Anne Frank’s Holocaust (Mark Leggett)
ANNE FRANK’S HOLOCAUST
Mark Leggett, 2015, Earthsonix Records
10 tracks, 15:26
Mark Leggett penned a short and beautiful score for the National Geographic Channel’s documentary.
Review by Pete Simons
What is it?
With insight from Anne’s surviving friends, this compelling documentary “Anne Frank’s Holocaust” details Anne and her family’s experiences after being captured and continues through the liberation of the Bergen-Belsen concentration camp. Utilizing the chilling perspective of the Nazi captors, viewers gain critical insight into the concentration camp system. “Anne Frank’s Holocaust” originally aired on National Geographic Channel earlier this year.
Composer Mark Leggett picked up the guitar at an early age and taught himself the styles of the places he lived. An Air Force kid, constantly relocating, Leggett would check out the local music scene of each new city, learning swampy R&B in Arkansas, jazz/blues in Kansas City, grungy-rock in Washington State, and even learning the blend of ethnic styles in Guam and The Asia-Pacific territories. After moving to Los Angeles in the early 80s, Leggett was signed as a songwriter by Warner Chappell and would team with developing and established artists to write songs, most notably with Kylie Minogue. As a guitarist, his work can be heard on the Eminem song “Toy Soldiers”, also a #1 hit for the singer Martika. Some musician friends asked Leggett to work with them on a Fox show – which led to Leggett’s first TV mini-series “Great Dives”. He would go on to be Emmy-nominated for “The Pretender” and “Conquistador: A Day In Their Lives”.
What does it sound like?
“We did not want to overpower Anne Frank’s story with too many dense dark textures, which can be a tendency with WWII subject matter,” Leggett described. “We shied away from reflecting the horror musically and let the imagery speak for itself. I began by scoring the scenes depicting Anne Frank’s childhood and the memories of her surviving childhood friends. These initial melodies became the source material for the developing score.“
The score is bookended by “The Simplest Things” (and its reprise, which is thankfully differently arranged). It offers a somewhat playful motif for piano (which seems to have a bit of a TV ‘hook’ to it) offset against an elegiac theme for cello. During the reprise, the piano is dropped in favour of warm string chords. It’s a simple and very pretty melody.
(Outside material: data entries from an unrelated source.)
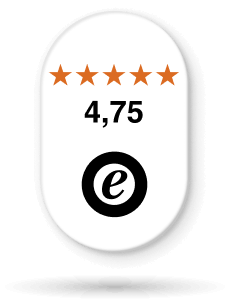 De Trustbadge zoals deze er op mobiele apparaten eruit ziet, met alleen beoordelingen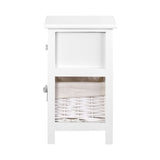 Artiss Bedside Table 1 Drawer with Basket Rustic White X2 ST-CAB-1D-1B-WHX2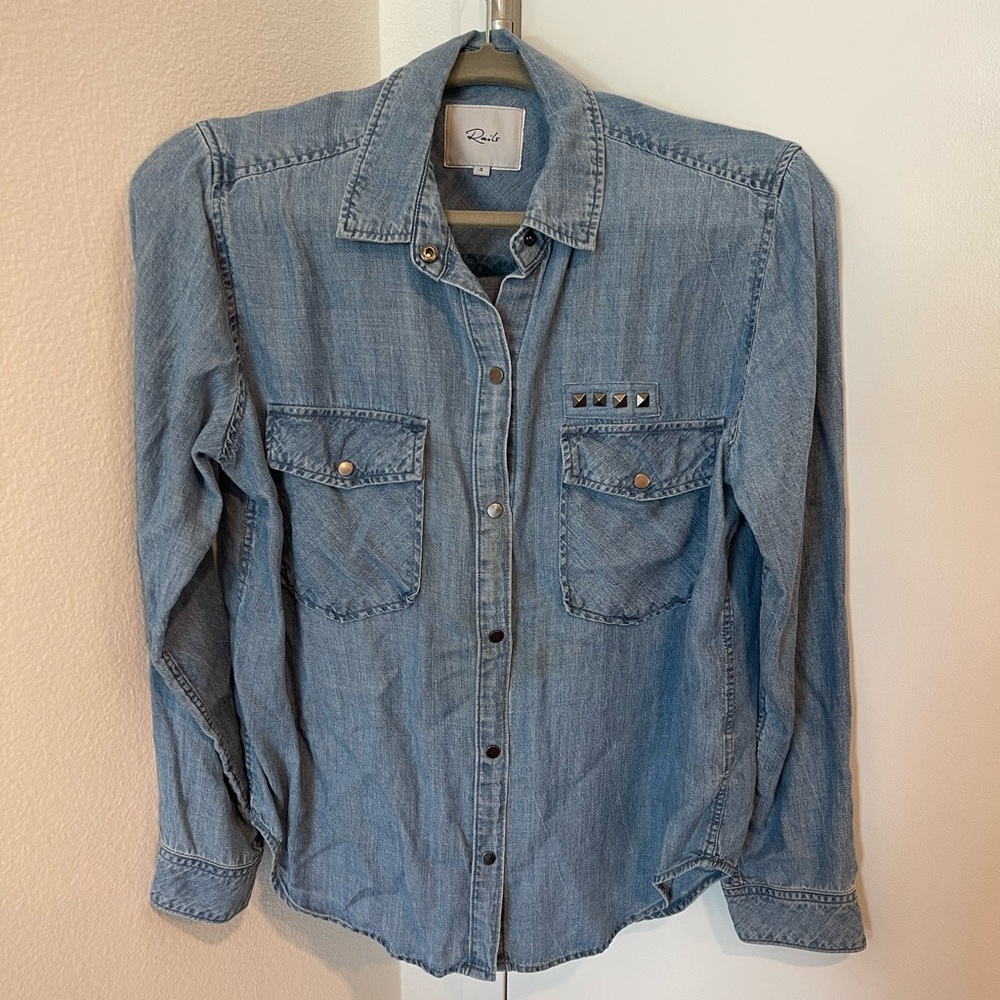 RAILS Denim Medium Wash Kade Shirt with Studs- Size Small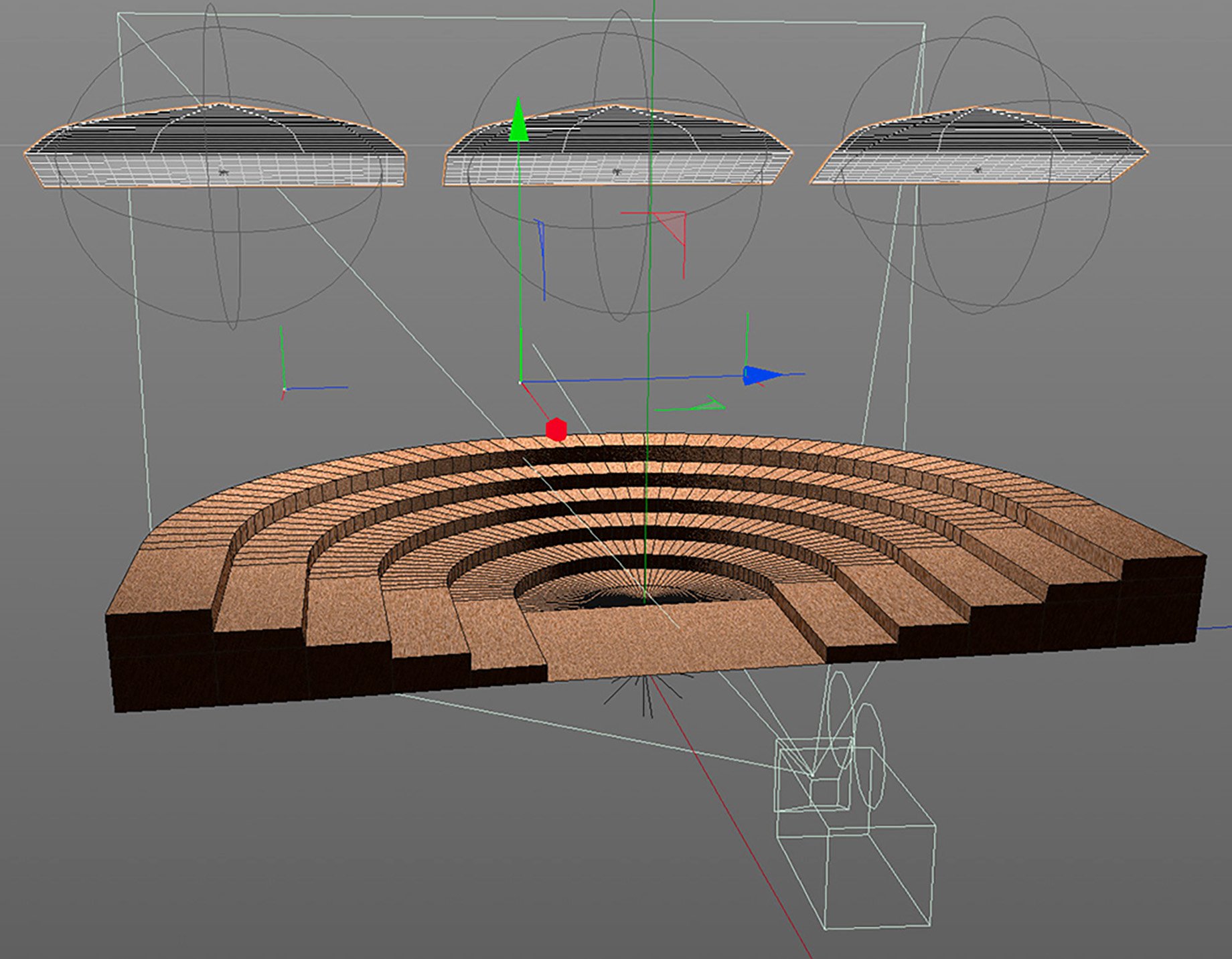 3D model of tiered stage for symphony created by John Fulton for HondaJet Wings campaign.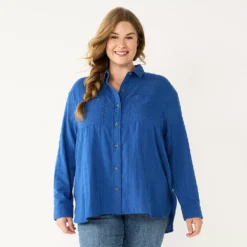 Plus Size Sonoma Goods For Life® Relaxed Button Down Shirt -Outlet Clothiza Store 5761363 Blue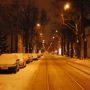 Tramschienen in einer Berliner Winternacht winterliches Berlin Tram, BVG, Winter, Schnee Berlin Pictures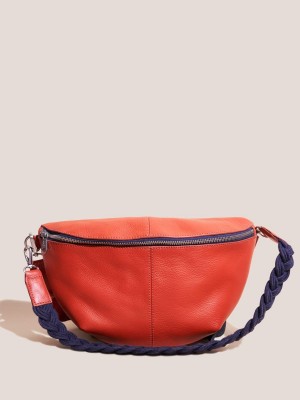 Bright Orange White Stuff Sebby Leather Sling Bag | 07496GEDS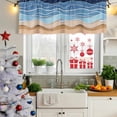 thumbnail image 5 of Blue Beige Ombre Curtain Valances for Windows, Kitchen Valance Window Treatments Panel 2 Pack, Moire Modern Geometric Aesthetics Rod Pocket Short Curtains for Bathroom Bedroom 60 x 18 Inch, 5 of 8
“Anne Frank’s Holocaust” is, of course, a sombre work even with the composer deliberately avoiding to musically reflect the horrors of war. Strings, with an emphasis on cello, and piano dominate the score. “What Was Left Behind” is a particularly dramatic rendition of the main theme for strings, cello and gentle synth pads.
Soft chimes and harp briefly add a sense of innocence to “Almost Innocence”, though the dark strings are never far away. A brief appearance of brass adds gravitas. Various effects on the strings add terror to “Loss Of Self”, again without overdoing it – just enough to create an uneasy mood. The soft choir towards the end is a nice touch.
“The musical goal for Anne Frank’s Holocaust was to maintain a sense of innocence and loss, reminding us of what could have been,” said Leggett. “The director/producer and I discussed using simple themes and supporting them with string orchestra while keeping a minimalist approach.”
Is it any good?
Mark Leggett’s “Anne Frank’s Holocaust” is a heart-felt little score. At a mere 15 minutes, it makes for a very short album, but it’s really rather beautiful. The music is orchestrated by Peter Bateman and performed by the Bratislava Symphony Orchestra. The melodies are simple and the orchestrations are sparse and yet there is a real ‘weight’ to the music, courtesy mostly of the solo cello. A fine score for a difficult subject.
01. The Simplest Things (1.41)
02. Tragic Reunion (1.14)
03. What Was Left Behind (1.45)
04. What Was Lost (1.28)
05. Almost Innocence (1.16)
06. Lamenting (1.58)
07. Collaborators (1.31)
08. Past Present (1.05)
09. Loss Of Self (2.12)
10. The Simplest Things Reprise (1.16)
Digitally and on CD from August 14, 2015.